26-256 Conductor size for transformers (see Appendix B)

1) The conductors supplying transformers shall have an ampacity rating

a) not less than 125% of the rated primary current of the transformer for a single transformer; or

b) not less than the sum of the rated primary currents of all transformers plus 25% of the rated primary current of the largest transformer for a group of transformers operated in parallel or on a common feeder.

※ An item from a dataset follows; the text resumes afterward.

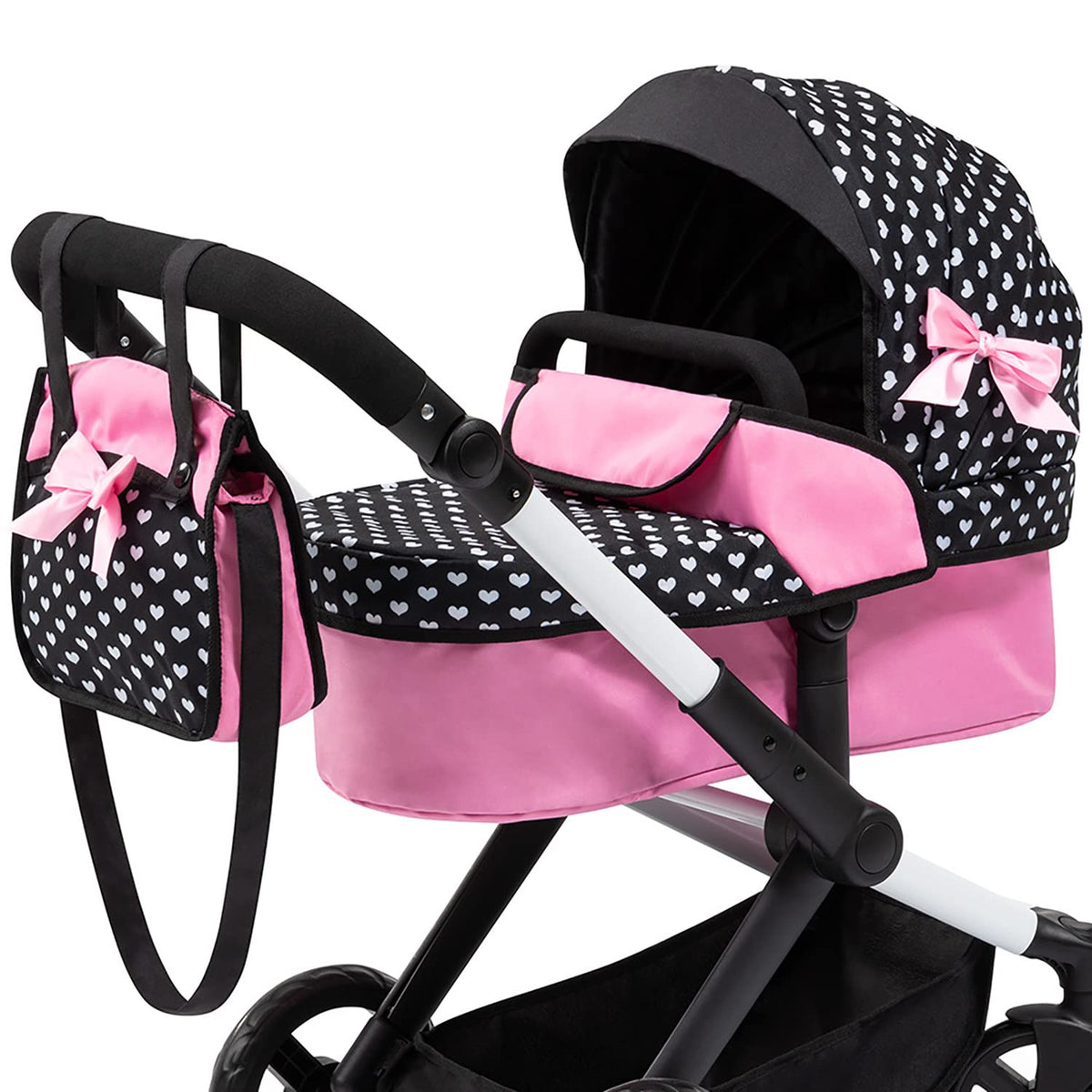 Bayer Pram Xeo Reborn adjustable handle grows with your child.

2) The secondary conductors connected to transformers shall have an ampacity rating

a) not less than 125% of the rated secondary current of the transformer for a single transformer; or

b) not less than 125% of the sum of the rated secondary currents of all the transformers operated in parallel.

 

3) Notwithstanding Subrules 1) and 2), primary and secondary conductors shall be permitted to have an ampacity rating not less than that required by the demand load, provided that they are protected in accordance with Rules 14-100 and 14-104.

4) Where the transformer overcurrent protection is selected in accordance with Rule 26-250 1) or 2) or 26-254 3), the primary and secondary conductors connected to the transformer shall be protected in accordance with Rules 14-100 and 14-104.

5) Where multi-rating transformers are used, the primary and secondary conductors shall have an ampacity rating not less than 125% of the rated primary and secondary current of the transformer at the utilization voltage.”

 

It appears that some Code users apply different interpretation of the above-shown Rules, only because new Subrule 26-256(4) has been added to the Code as follows:

“26-256(4) Where the transformer overcurrent protection is selected in accordance with Rule 26-250 1) or 2) or 26-254 3), the primary and secondary conductors connected to the transformer shall be protected in accordance with Rules 14-100 and 14-104.”

So, what seems to be the problem?

Let’s look at the frequently asked questions:

 

Question 1: Is The Rating Of The Primary O/C Device Allowed To Exceed 125% Of The Primary Rated Current?

Answer 1: Subrule 26-254(1) states the following:

“1) Except as permitted in Subrule 2), each ungrounded conductor of the transformer feeder or branch circuit supplying the transformer shall be provided with overcurrent protection rated or set at not more than 125% of the rated primary current of the transformer, and this primary overcurrent device shall be considered as protecting secondary conductors rated at 125% or more of the rated secondary current. “

Subrule 26-254(3) allows the following relaxation:

“26-254(3) Where a value not exceeding 125% of the rated primary current of the transformer as specified in Subrule 1) does not correspond to the standard rating of the overcurrent device, the next higher standard rating shall be permitted.”

 

Let’s use the following example:

For instance, we have a 225 KVA; 600 VAC – 120/208 VAC rated 3 phase dry-type transformer with primary current = 225A x 1000/ (600 x1.732) = 216.51 amps.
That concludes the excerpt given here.